If you don’t have time today to read Robert Pear’s definitive New York Times piece on the origins of the dispute that has again landed the Affordable Care Act on the docket of the U.S. Supreme Court, book-mark it and read it before SCOTUS acts. After speaking with a bipartisan array of Members and staff involved in drafting and adopting ACA, Pear makes it abundantly clear that the Court has no grounds for ruling for the plaiintiffs in King v. Burwell unless it chooses to embrace a radically restrictive doctrine of legislative interpretation whereby Congressional intent and the logic of the law in question are completely irrelevant.
They are only four words in a 900-page law: “established by the state.”
But it is in the ambiguity of those four words in the Affordable Care Act that opponents found a path to challenge the law, all the way to the Supreme Court.
How those words became the most contentious part of President Obama’s signature domestic accomplishment has been a mystery. Who wrote them, and why? Were they really intended, as the plaintiffs in King v. Burwell claim, to make the tax subsidies in the law available only in states that established their own health insurance marketplaces, and not in the three dozen states with federal exchanges?

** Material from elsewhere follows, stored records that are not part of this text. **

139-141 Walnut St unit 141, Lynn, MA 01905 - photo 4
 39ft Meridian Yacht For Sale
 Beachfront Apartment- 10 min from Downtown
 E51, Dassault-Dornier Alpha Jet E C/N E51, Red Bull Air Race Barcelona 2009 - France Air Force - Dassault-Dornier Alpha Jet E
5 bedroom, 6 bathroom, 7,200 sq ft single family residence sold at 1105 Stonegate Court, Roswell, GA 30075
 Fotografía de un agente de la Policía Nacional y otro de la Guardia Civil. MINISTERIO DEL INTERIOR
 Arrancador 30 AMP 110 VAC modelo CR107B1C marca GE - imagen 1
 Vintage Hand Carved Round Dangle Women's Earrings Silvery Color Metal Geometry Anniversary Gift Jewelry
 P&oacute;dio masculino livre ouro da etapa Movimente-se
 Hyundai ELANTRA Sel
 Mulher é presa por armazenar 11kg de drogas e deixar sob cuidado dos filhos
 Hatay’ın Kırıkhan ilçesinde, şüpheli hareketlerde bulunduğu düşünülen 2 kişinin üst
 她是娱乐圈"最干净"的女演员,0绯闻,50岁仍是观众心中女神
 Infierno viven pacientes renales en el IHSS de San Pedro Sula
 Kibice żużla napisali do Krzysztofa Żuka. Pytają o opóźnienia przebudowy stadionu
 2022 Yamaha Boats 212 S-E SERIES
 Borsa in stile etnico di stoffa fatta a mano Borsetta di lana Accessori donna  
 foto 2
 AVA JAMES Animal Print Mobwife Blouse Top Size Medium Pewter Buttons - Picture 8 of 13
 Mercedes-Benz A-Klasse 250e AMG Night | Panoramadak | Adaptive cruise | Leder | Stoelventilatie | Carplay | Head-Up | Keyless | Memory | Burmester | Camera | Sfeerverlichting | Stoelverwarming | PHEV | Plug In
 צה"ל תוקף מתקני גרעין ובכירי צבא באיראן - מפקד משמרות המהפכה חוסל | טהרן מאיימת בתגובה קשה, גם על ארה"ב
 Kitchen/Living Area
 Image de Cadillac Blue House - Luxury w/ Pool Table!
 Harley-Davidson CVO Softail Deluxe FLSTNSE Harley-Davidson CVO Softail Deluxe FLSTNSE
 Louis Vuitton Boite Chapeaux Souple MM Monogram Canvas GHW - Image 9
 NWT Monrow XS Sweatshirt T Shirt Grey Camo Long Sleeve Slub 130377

The answer, from interviews with more than two dozen Democrats and Republicans involved in writing the law, is that the words were a product of shifting politics and a sloppy merging of different versions. Some described the words as “inadvertent,” “inartful” or “a drafting error.” But none supported the contention of the plaintiffs.
Pear’s major coup was getting former Republican Senator Olympia Snowe, one of a handful of Republicans intimately involved in the crafting of the legislation, on record denying their was ever any intention to make subsidies contingent on state establishment of their own exchanges.
“I don’t ever recall any distinction between federal and state exchanges in terms of the availability of subsidies,” said Olympia J. Snowe, a former Republican senator from Maine who helped write the Finance Committee version of the bill.
“It was never part of our conversations at any point,” said Ms. Snowe, who voted against the final version of the Senate bill. “Why would we have wanted to deny people subsidies? It was not their fault if their state did not set up an exchange.” The four words, she said, were perhaps “inadvertent language,” adding, “I don’t know how else to explain it.”
Pear concludes that the “inadvertent language” was the product of a moment when Finance Committee and HELP Committee provisions were merged. Then, of course, the language was preserved when the House accepted the Senate version of the law to avoid a Republican filibuster after Scott Brown’s special election victory in Massachusetts reduced the number of Senate Democrats to 59. Again, Pear brings in a Republican authority to rebut any revisionist history of what happened:
The idea of denying subsidies to people who bought insurance through the federal exchange “was never discussed,” said Charles M. Clapton, a lawyer who worked on both committees for Senator Michael B. Enzi, Republican of Wyoming. Mr. Clapton said he had difficulty accepting the argument advanced by the plaintiffs because it was “so contrary to the intent” of those who had written the legislation.
It will require a powerful determination on the Court to disrupt the operation of Obamacare, and a willingness to set a dangerous new precedent, for the plaintiffs to win.